▸ **Task prompt**
From the very first line of the records through the line that contains "PARCEL 32B AT TATUM RANCH - Residential", repeat everything exactly except the pictures, and add nothing.

▸ **Provided information**
++++

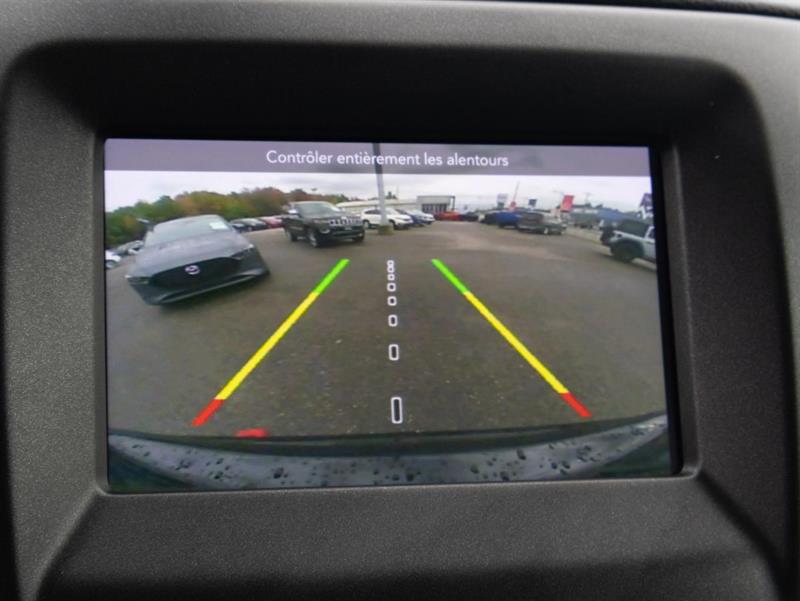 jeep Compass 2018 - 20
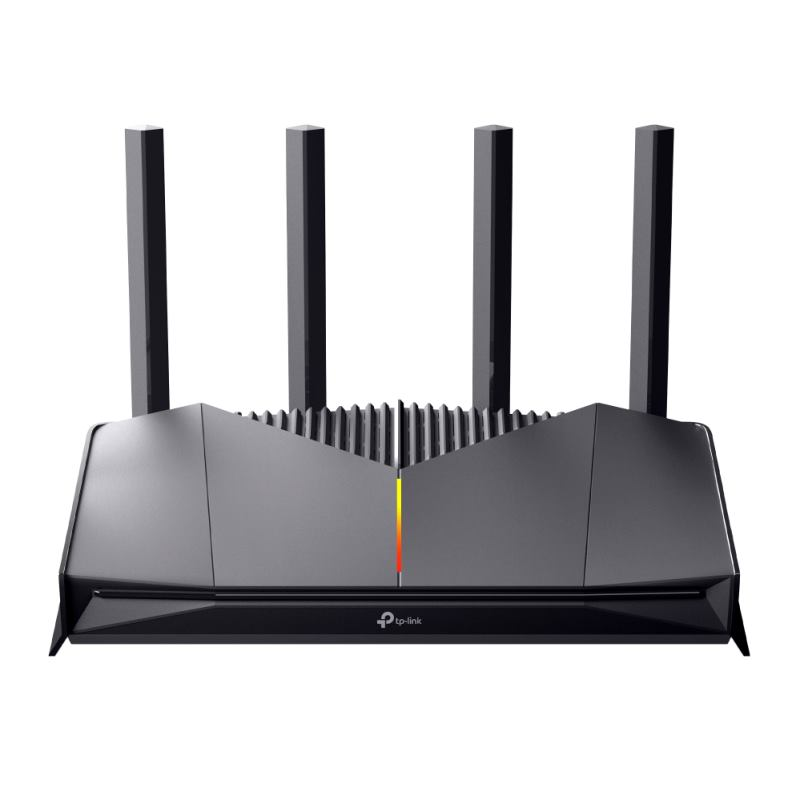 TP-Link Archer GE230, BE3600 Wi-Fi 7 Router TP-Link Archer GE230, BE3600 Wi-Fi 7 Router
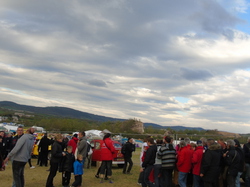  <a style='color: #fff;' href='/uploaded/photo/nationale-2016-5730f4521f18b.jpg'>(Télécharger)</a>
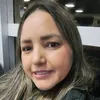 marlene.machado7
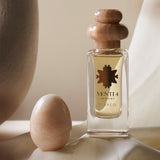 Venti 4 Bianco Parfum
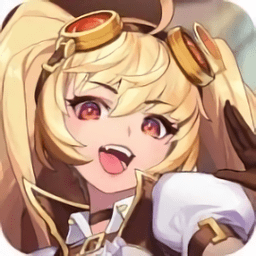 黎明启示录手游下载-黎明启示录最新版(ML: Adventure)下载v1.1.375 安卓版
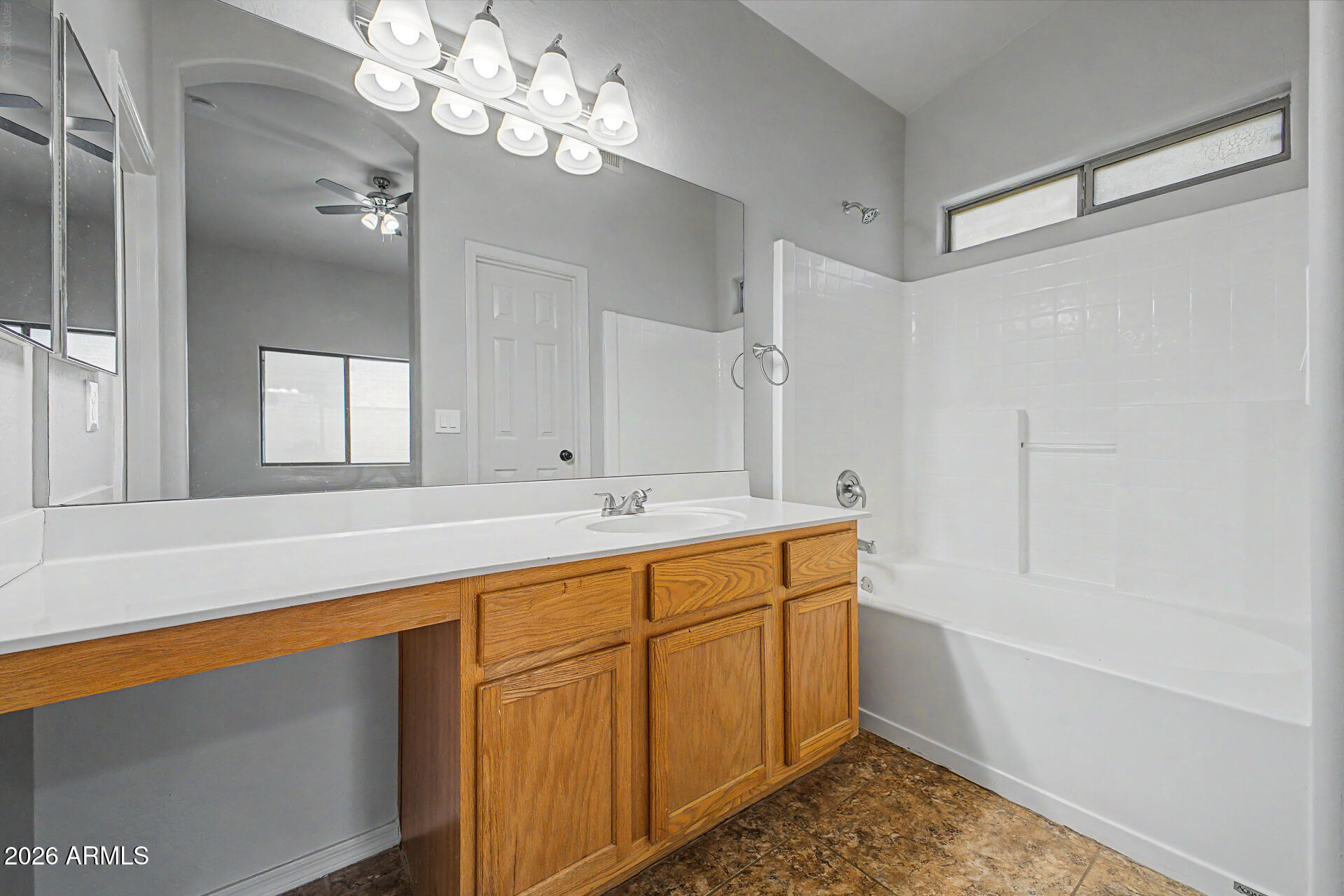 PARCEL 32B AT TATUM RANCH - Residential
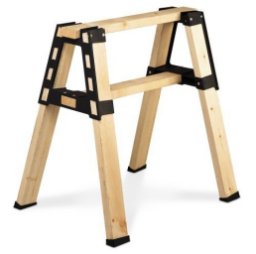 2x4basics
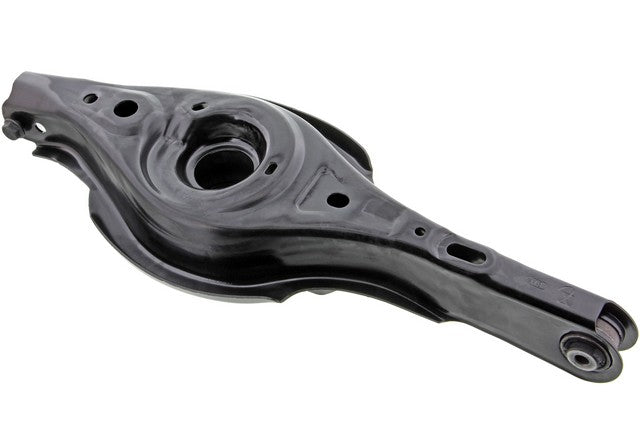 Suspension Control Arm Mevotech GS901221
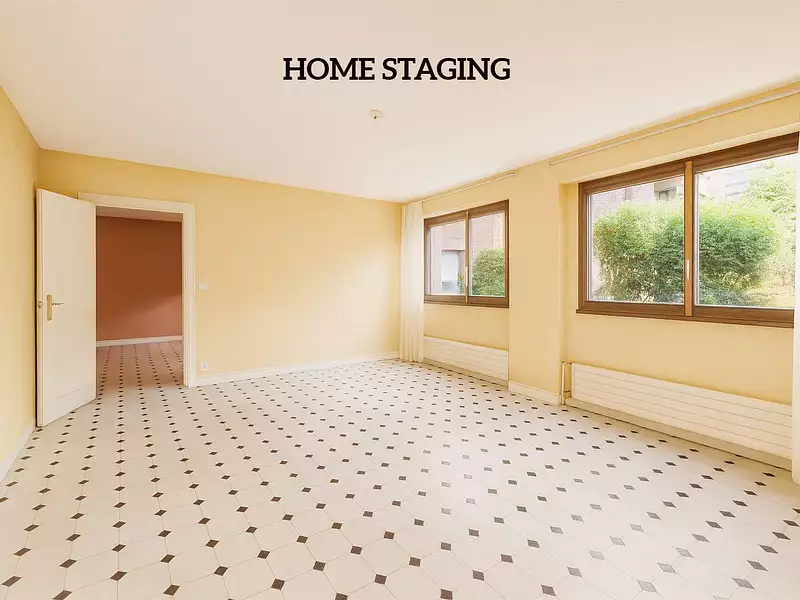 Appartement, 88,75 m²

++++

▸ **Solution for this exercise**
 jeep Compass 2018 - 20
 TP-Link Archer GE230, BE3600 Wi-Fi 7 Router TP-Link Archer GE230, BE3600 Wi-Fi 7 Router
  <a style='color: #fff;' href='/uploaded/photo/nationale-2016-5730f4521f18b.jpg'>(Télécharger)</a>
 marlene.machado7
 Venti 4 Bianco Parfum
 黎明启示录手游下载-黎明启示录最新版(ML: Adventure)下载v1.1.375 安卓版
 PARCEL 32B AT TATUM RANCH - Residential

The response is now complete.